- Maun Botswana

Information
- Type: Government school
- Established: 1970
- Principal: Mrs Legwale
- Grades: Form 4 (Grade 11), Form 5 (Grade 12)
- Gender: Co-educational

= Maun Senior Secondary School =

Maun Senior Secondary School is a government-run boarding school located in Maun, Botswana, the fifth largest town in Botswana. It was the first secondary school in the district.

==History==

=== Establishment ===
Missionaries from the United Congregation Church of Southern Africa founded the school in 1970. The first class contained 70 students. In 2017, 2,000 students attended the school.

=== Special Education: the Deaf and Hard of Hearing ===
The school admitted its first cohort of deaf students in 2004.

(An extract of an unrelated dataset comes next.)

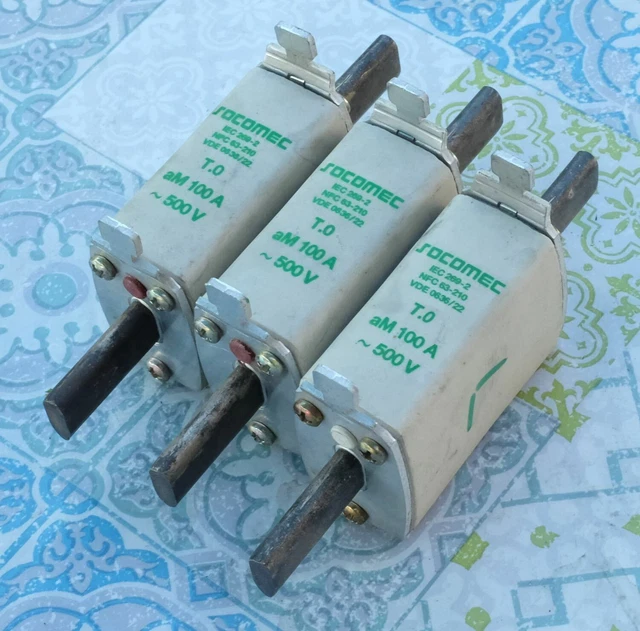 3X Socomec Cartouche à couteau 100A type AM taille 0 500V Lot de 3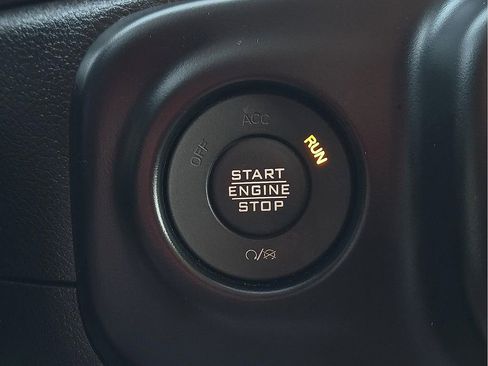 Used 2023 Jeep Wrangler Unlimited Sahara image 17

=== 2012 Arson Incident ===
In 2012, a fire damaged several school classrooms, including the original classroom built in 1970. Persons claiming to be students of the school set the fire as a means to pressure the administration to terminate the employment of male teaching staff they reported were involved in love affairs with female students. This caused such panic among students, especially those in boarding, as to precipitate the temporary shutdown of the school.

== Multiple Pathways ==
In 2021, the school adopted the Multiple Pathways approach, with support from the European Union Technical Vocational Education and Training (TVET) programme. This approach integrates technical education into the students' general education curriculum. It was strategically deployed as Maun is a tourism hub, often referred to as the tourism capital of Botswana.

==Athletics==
Maun Secondary has traditionally performed well at the Botswana Independent Sports Association finals, winning 31 medals in 2019 and several of its students have set national records at the finals event.